Émilie explore le château mystérieux, chandelle à la main, à minuit. La menace (surnaturelle?) est partout présente. Les séquestrations, les tortures ne sont pas loin. Quel est le dessein du maître des lieux? Quels sentiments éprouve la jeune fille pour son tuteur et geôlier? Qui épousera-t-elle, après cette quête de soi à travers les corridors du château, qui ressemblent à ceux de l'inconscient?

Mon commentaire:

Les mystères d'Udolphe, roman gothique qui marqua son époque, a été publié en 1794. Une courte biographie se retrouve dans la section des dossiers. Vous pouvez la consulter ici.

Les mystères d'Udolphe raconte la vie d'une jeune femme pure et innocente, Emilie. Le roman est sensé se dérouler en 1584, mais tout au long de ma lecture, j'ai eu le sentiment de lire un roman de l'époque de Jane Austen. Emilie a toujours eu une enfance rangée et heureuse, à la campagne, à La vallée, un magnifique domaine.
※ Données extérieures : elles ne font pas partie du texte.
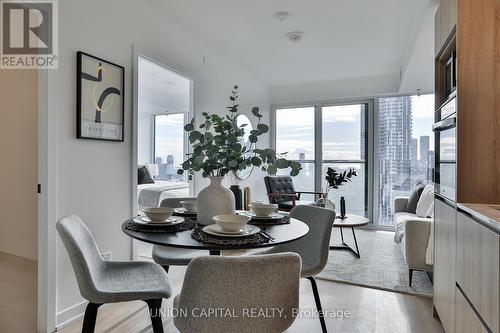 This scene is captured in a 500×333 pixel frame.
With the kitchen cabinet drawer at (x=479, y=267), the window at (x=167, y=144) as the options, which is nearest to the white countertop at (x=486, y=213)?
the kitchen cabinet drawer at (x=479, y=267)

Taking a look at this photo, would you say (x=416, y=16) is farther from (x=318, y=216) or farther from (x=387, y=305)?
(x=387, y=305)

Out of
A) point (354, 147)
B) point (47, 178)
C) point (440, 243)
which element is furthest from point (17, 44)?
point (354, 147)

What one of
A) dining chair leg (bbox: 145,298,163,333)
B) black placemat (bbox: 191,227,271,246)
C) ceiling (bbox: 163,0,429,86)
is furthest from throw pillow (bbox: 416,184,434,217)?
dining chair leg (bbox: 145,298,163,333)

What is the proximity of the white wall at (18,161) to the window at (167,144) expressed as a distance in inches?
149

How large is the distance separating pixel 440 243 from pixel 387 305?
2.38 ft

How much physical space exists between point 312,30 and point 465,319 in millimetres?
2989

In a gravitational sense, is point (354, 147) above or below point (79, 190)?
above

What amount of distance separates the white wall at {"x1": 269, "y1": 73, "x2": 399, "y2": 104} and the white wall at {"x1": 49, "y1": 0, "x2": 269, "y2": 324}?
2.98 metres

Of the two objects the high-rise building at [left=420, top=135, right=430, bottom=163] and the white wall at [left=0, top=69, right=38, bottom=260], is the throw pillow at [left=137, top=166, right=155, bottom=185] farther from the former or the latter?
the high-rise building at [left=420, top=135, right=430, bottom=163]

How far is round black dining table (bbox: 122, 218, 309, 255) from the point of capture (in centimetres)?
126

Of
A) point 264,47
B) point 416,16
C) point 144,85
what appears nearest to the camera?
point 416,16

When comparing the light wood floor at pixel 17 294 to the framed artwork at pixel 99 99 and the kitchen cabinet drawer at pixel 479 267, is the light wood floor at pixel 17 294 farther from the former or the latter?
the kitchen cabinet drawer at pixel 479 267

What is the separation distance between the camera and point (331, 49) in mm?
3996

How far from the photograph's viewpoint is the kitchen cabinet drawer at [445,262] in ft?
5.65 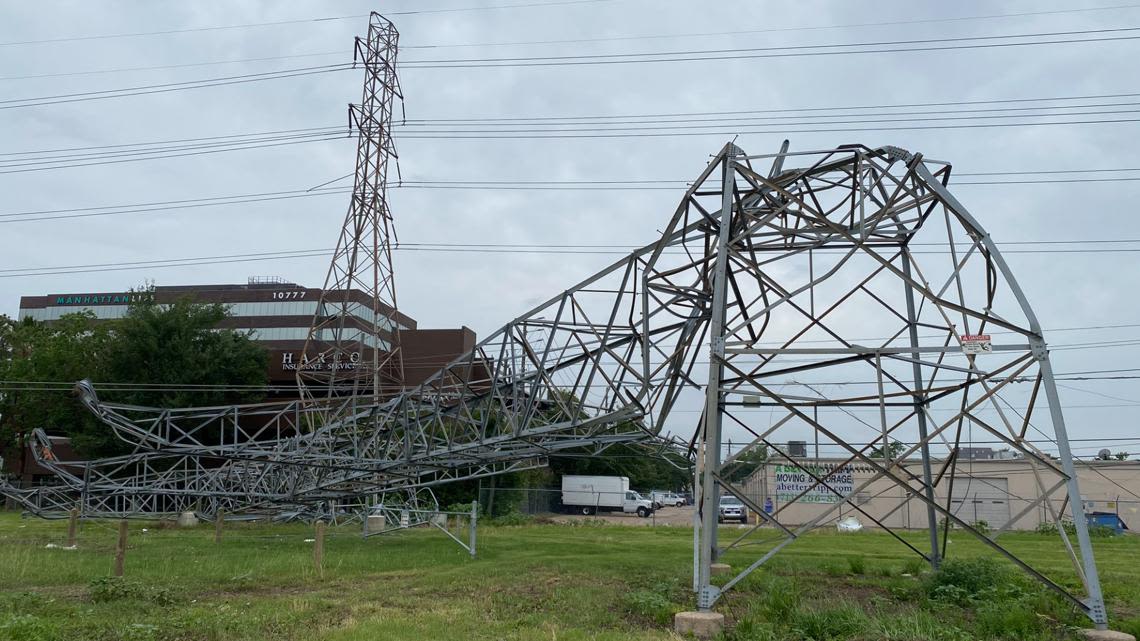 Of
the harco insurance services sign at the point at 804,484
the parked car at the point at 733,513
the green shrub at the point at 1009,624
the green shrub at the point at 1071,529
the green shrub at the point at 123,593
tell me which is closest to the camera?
the green shrub at the point at 1009,624

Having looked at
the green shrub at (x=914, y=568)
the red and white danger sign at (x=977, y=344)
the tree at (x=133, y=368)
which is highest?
the tree at (x=133, y=368)

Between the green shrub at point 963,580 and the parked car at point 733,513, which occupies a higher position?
the green shrub at point 963,580

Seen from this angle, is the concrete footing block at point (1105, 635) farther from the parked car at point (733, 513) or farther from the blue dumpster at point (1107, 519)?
the parked car at point (733, 513)

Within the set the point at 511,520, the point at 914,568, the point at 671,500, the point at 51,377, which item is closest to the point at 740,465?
the point at 511,520

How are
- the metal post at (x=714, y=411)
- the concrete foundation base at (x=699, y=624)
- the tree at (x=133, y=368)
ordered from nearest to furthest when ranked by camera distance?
the concrete foundation base at (x=699, y=624), the metal post at (x=714, y=411), the tree at (x=133, y=368)

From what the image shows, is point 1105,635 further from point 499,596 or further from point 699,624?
point 499,596

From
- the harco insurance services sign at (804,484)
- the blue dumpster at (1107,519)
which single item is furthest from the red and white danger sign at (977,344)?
the blue dumpster at (1107,519)

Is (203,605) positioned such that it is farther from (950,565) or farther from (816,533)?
(816,533)

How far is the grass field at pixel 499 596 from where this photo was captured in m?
11.9

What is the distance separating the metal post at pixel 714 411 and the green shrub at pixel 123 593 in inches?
352

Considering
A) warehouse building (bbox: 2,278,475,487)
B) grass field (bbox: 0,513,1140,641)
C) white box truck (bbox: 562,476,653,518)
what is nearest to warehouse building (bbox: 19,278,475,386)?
warehouse building (bbox: 2,278,475,487)

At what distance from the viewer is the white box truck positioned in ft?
198

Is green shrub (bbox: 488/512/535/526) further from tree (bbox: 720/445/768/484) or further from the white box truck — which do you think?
the white box truck

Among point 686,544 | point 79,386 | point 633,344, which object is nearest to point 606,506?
point 686,544
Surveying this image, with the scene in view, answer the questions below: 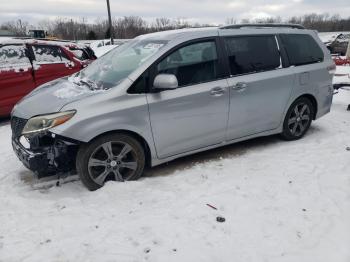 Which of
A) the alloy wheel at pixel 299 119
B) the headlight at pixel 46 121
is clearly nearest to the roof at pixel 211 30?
the alloy wheel at pixel 299 119

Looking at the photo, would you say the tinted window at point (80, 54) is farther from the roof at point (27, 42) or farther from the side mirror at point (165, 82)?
the side mirror at point (165, 82)

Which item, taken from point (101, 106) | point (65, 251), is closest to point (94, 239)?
point (65, 251)

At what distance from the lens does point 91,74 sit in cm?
462

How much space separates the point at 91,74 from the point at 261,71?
89.6 inches

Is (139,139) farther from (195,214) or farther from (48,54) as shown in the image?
(48,54)

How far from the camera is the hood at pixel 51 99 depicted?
3.79 m

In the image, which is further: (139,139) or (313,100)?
(313,100)

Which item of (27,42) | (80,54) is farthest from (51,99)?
(80,54)

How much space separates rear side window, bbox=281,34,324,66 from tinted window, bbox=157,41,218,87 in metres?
1.39

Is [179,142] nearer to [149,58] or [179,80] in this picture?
[179,80]

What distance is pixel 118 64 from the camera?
14.7 ft

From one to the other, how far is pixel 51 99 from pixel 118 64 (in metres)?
0.98

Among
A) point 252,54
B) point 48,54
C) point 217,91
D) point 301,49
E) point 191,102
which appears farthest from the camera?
point 48,54

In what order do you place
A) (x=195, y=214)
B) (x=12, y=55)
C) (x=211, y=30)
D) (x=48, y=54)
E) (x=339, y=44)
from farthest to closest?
(x=339, y=44), (x=48, y=54), (x=12, y=55), (x=211, y=30), (x=195, y=214)
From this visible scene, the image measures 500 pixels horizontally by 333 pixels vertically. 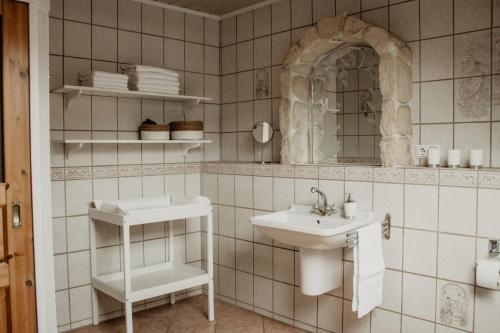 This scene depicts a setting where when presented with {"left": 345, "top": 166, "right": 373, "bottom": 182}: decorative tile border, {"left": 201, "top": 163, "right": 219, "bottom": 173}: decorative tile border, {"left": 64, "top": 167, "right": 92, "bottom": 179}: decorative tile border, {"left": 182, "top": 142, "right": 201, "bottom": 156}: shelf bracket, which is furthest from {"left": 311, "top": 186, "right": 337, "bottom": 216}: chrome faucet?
{"left": 64, "top": 167, "right": 92, "bottom": 179}: decorative tile border

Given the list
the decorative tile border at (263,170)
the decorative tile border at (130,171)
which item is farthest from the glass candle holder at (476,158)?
the decorative tile border at (130,171)

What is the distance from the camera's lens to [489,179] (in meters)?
2.23

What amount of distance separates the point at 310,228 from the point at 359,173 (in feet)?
1.81

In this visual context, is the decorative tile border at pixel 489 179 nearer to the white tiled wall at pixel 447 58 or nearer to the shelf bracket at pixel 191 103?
the white tiled wall at pixel 447 58

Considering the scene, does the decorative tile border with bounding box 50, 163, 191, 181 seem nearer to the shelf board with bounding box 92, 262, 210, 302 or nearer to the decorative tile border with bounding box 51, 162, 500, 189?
the decorative tile border with bounding box 51, 162, 500, 189

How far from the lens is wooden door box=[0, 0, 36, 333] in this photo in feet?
7.24

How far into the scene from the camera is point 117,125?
3.31 metres

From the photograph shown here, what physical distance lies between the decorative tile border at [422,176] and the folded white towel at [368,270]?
0.30m

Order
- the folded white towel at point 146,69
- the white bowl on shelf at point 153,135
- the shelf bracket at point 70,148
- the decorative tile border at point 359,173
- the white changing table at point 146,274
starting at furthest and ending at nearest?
1. the white bowl on shelf at point 153,135
2. the folded white towel at point 146,69
3. the shelf bracket at point 70,148
4. the white changing table at point 146,274
5. the decorative tile border at point 359,173

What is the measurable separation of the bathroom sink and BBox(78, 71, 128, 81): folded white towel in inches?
50.9

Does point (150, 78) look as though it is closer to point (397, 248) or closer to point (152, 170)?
point (152, 170)

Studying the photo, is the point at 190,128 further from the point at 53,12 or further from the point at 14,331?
the point at 14,331

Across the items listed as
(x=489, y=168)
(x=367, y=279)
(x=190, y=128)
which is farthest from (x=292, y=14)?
(x=367, y=279)

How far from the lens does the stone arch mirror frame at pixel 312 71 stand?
262cm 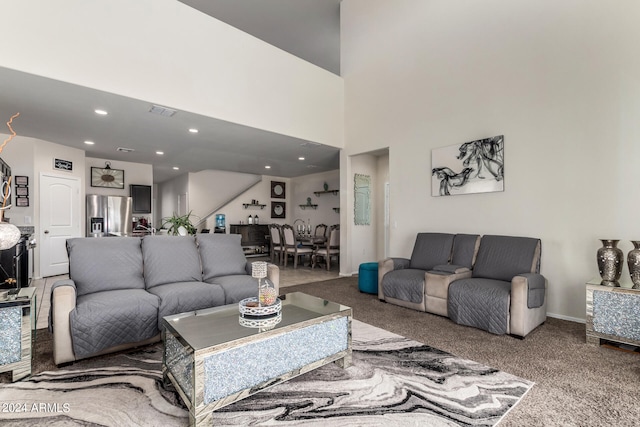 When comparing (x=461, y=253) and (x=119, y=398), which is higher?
(x=461, y=253)

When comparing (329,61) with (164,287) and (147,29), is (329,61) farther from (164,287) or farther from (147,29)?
(164,287)

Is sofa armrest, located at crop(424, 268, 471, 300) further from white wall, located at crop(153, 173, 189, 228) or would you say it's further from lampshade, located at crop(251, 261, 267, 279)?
white wall, located at crop(153, 173, 189, 228)

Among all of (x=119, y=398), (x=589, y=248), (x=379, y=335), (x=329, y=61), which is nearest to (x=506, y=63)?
(x=589, y=248)

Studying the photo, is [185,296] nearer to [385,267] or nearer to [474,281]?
[385,267]

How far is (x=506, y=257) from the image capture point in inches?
140

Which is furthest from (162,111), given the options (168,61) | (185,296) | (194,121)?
(185,296)

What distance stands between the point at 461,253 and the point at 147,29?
4.93 metres

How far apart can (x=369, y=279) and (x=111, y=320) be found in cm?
328

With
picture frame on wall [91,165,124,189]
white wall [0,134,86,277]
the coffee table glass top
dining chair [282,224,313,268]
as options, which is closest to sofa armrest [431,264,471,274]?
the coffee table glass top

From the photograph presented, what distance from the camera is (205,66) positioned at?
4.41 m

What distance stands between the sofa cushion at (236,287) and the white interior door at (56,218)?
455cm

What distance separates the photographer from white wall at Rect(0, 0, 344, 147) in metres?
3.21

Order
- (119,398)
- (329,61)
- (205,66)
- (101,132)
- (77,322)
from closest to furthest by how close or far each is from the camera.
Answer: (119,398) < (77,322) < (205,66) < (101,132) < (329,61)

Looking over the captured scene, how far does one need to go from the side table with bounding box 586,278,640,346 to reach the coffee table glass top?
2293 mm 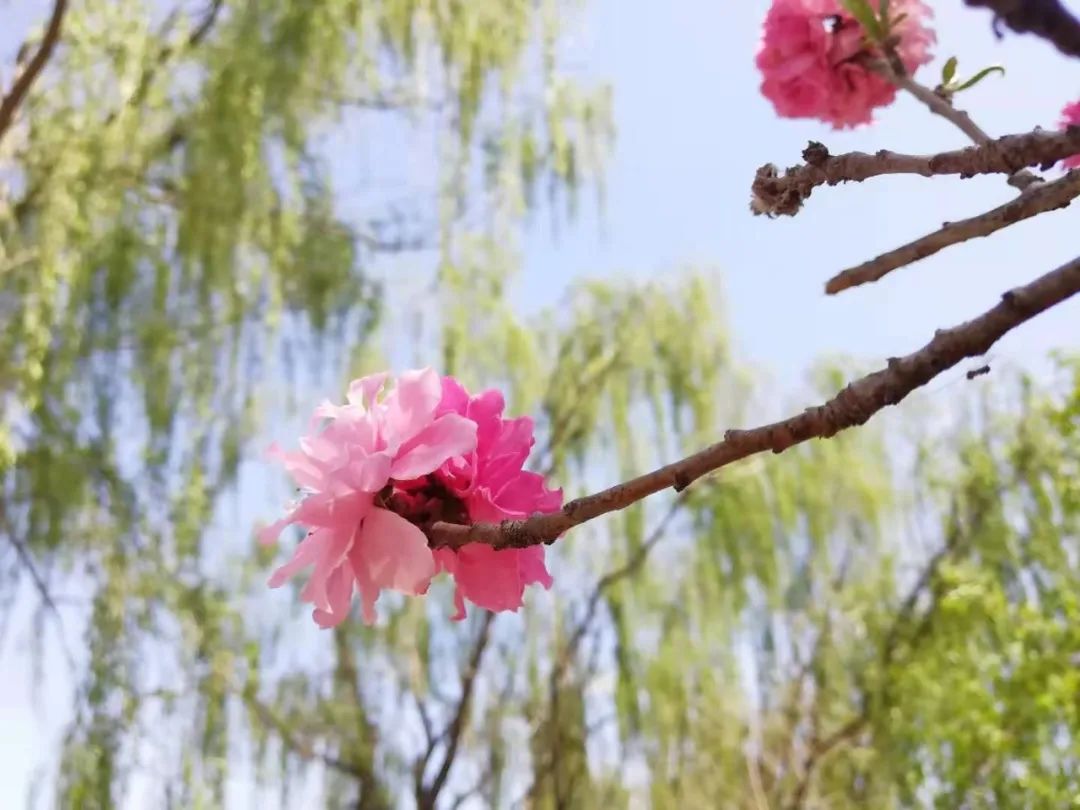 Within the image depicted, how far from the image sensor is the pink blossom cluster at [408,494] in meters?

Quand elle perd ses parents et se retrouve orpheline, elle est prise en charge par sa tante et son mari, le terrible Montoni, qui veut l'éloigner de La Vallée. Il la prend en quelque sorte en otage et l'amène à Udolphe, un château mystérieux rempli de couloirs, de secrets et de revenants. Au fil des pages, la pression est insoutenable sur cette pauvre Emilie qui se voit confinée au château sans aucun espoir pour le futur. D'autant plus qu'à cette époque, l'Italie est déchirée par les guerres civiles. Les invasions de château, les brigands et les criminels sont légion.

"Au-delà de Milan, le pays portait le caractère d'un ravage plus affreux. Tout alors y paraissait tranquille; mais ce repos était celui de la mort sur des traits qui conservent encore la hideuse empreinte des dernières convulsions." p.254

Le roman raconte les aventures et mésaventures d'Emilie, de la France à l'Italie, avec à la fois l'homme qui fait battre son coeur, ses domestiques et femme de compagnie, ses amis qu'elle rencontre au fil du temps et ses ennemis, qui sont de plus en plus nombreux. Entre les châteaux et les voyages, Emilie devra affronter ses sentiments, son geôlier, se battre pour recouvrer ses bien et faire face à plus d'un fantôme! Les revenants et les secrets mystérieux sont une bonne part de ce roman gothique. Toutefois, même si certaines scènes sont marquantes (le voile noir, la tour où se trouve Madame Montoni ou encore, la chambre de la marquise) Ann Radcliffe a opté pour une explication rationelle des événements.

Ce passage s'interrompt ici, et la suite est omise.